PROBLEM STATEMENT = With the pictures omitted, repeat exactly the lines below starting with the line that has "Foto Book Yessica" and going on through the line that has "Caming and Mobile".

SUPPLIED RECORDS =
"""

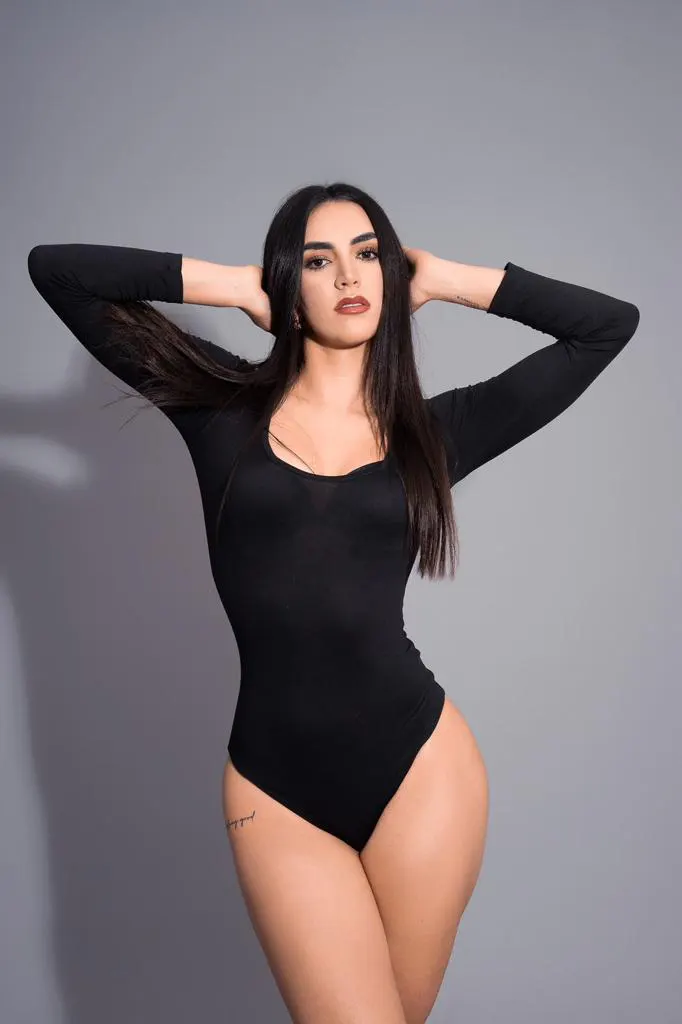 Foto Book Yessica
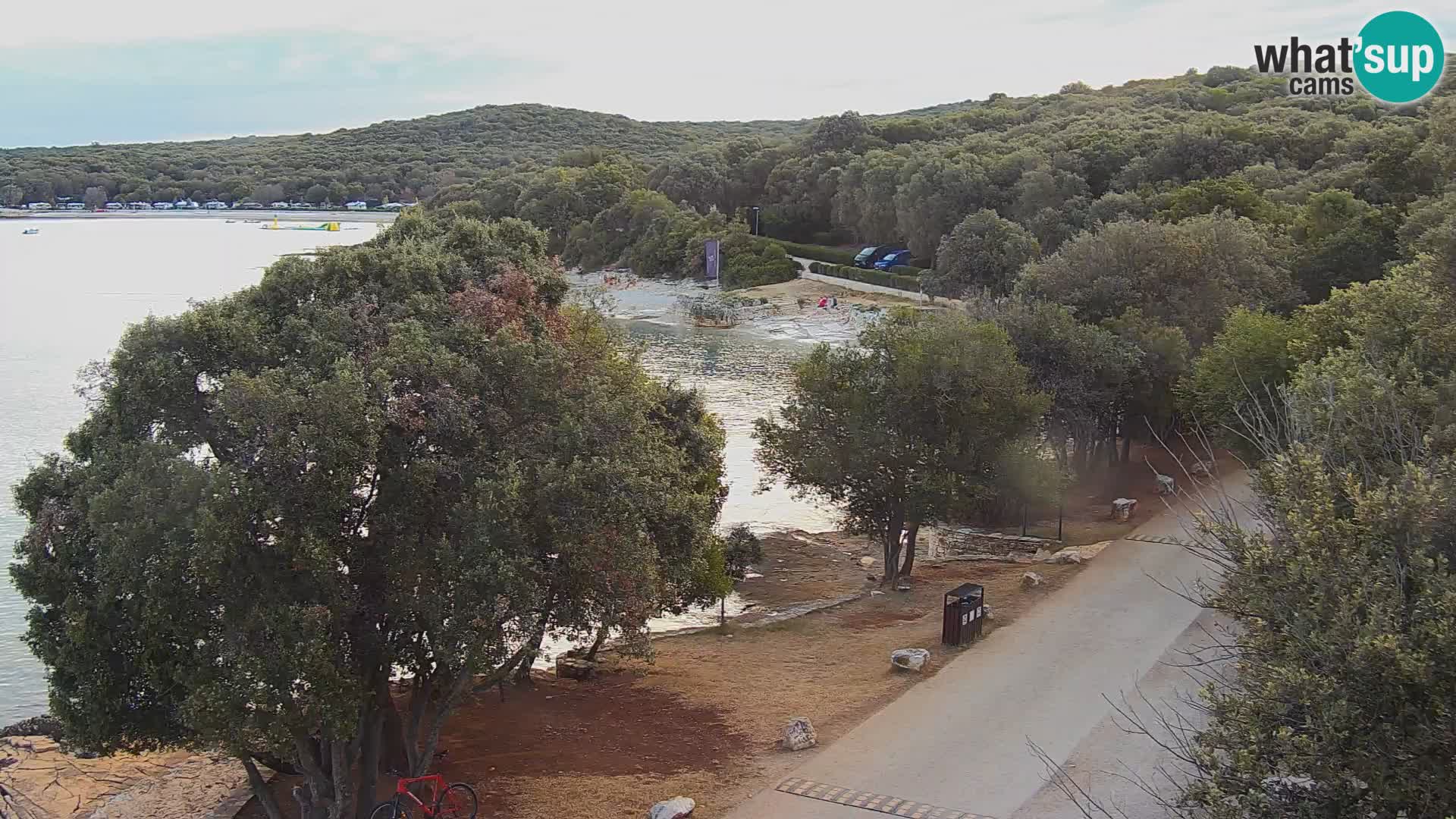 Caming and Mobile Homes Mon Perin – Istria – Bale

"""
"""

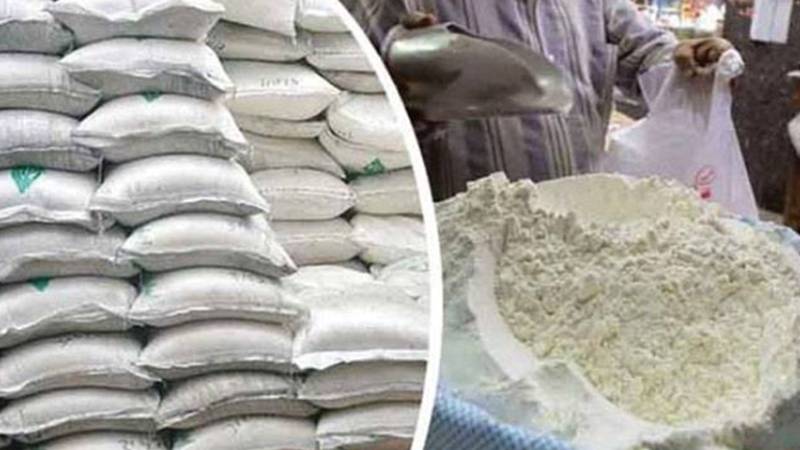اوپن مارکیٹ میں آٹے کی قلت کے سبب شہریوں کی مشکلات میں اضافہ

"""

PROBLEM SOLUTION =
 Foto Book Yessica
 Caming and Mobile Homes Mon Perin – Istria – Bale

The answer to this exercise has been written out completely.